Hannah Morrison (soprano), Marion Eckstein (alto), Georg Poplutz (tenor), Tobias Berndt, Daniel Ochoa (bass); Chorus Musicus Köln; Das Neue Orchester/Christoph Spering (DHM)

Our rating

4

Published: October 4, 2022 at 2:20 pm

JS Bach Cantatas, BWV 78, 96, 100, 122, 127, 130 and 180 Hannah Morrison (soprano), Marion Eckstein (alto), Georg Poplutz (tenor), Tobias Berndt, Daniel Ochoa (bass); Chorus Musicus Köln; Das Neue Orchester/Christoph Spering DHM 19658710832 127:34 mins (2 discs)

As this selection from the 1724/25 cantata cycle proclaims, Christoph Spering is a conductor with firm opinions when it comes to JS Bach. Not for him the one-to-a-part premise. His choir musters 20 singers; and, detecting a Bachian preference for ‘bass-heavy textures’, he adds a contrabassoon to the instrumental forces – though he notes that the instrument didn’t become available to Bach until the late 1730s.
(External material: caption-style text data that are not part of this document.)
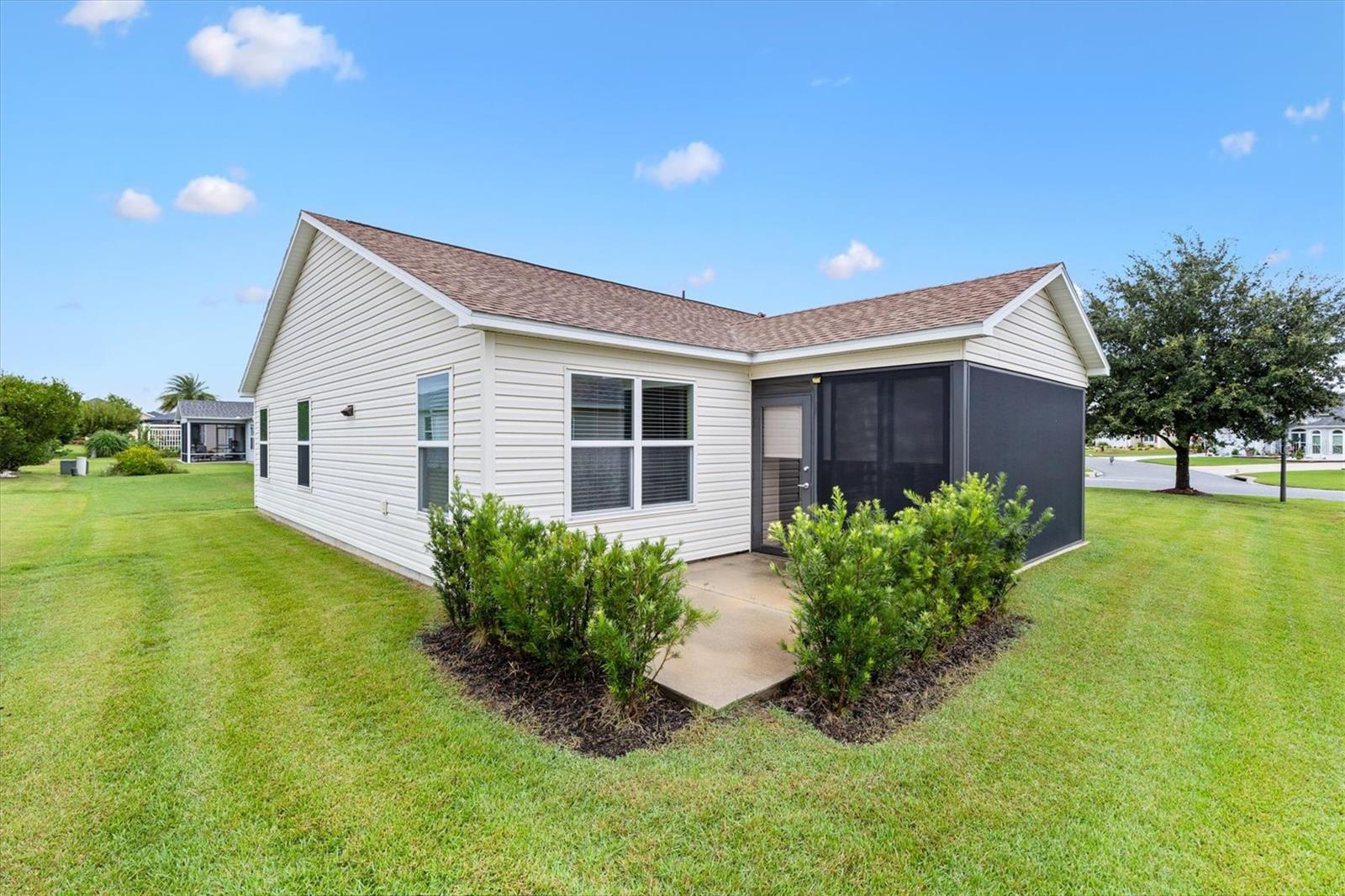 798 Millhorn Loop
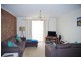 6B Meander Avenue, Renmark SA 5341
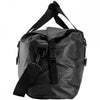 9626 Waterproof Bag 30 litres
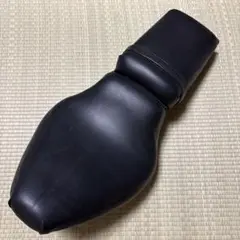 STEED400 スティード400 純正シート　NC26のサムネイル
Organ and harpsichord are prominent; and the concluding chorales flaunt a portentous pause at the end of each line. Perhaps he finds the current approach to the choral works overly light. Whatever the case, there are moments when it’s as if the clock has been turned back to the 1960s and the soundworld of Karl Richter as mediated through period instruments.

Cantata 78 doesn’t start well. Despite vivid imagery, the words are rather left to fend for themselves, Spering’s focus being on a somewhat all-consuming contrapuntal clarity. But the ensuing duet for soprano and alto is spritely and light on its feet, and across all seven cantatas the solo singing is mostly beguiling, the obligato playing utterly seductive. (BWV 100, incidentally, is an interloper since it dates from a decade later.) The opening chorus of Cantata 127 is particularly sumptuous, while the rich trumpets-and-drums jubilation of Cantata 130 is thrilling, the chorale cantus firmus ringing out with clarion resolve, the busy counterpoint buzzingly alive. For those who like their Bach ‘full fat’ yet with period instruments this cornucopia of cantata treasures might be just the ticket.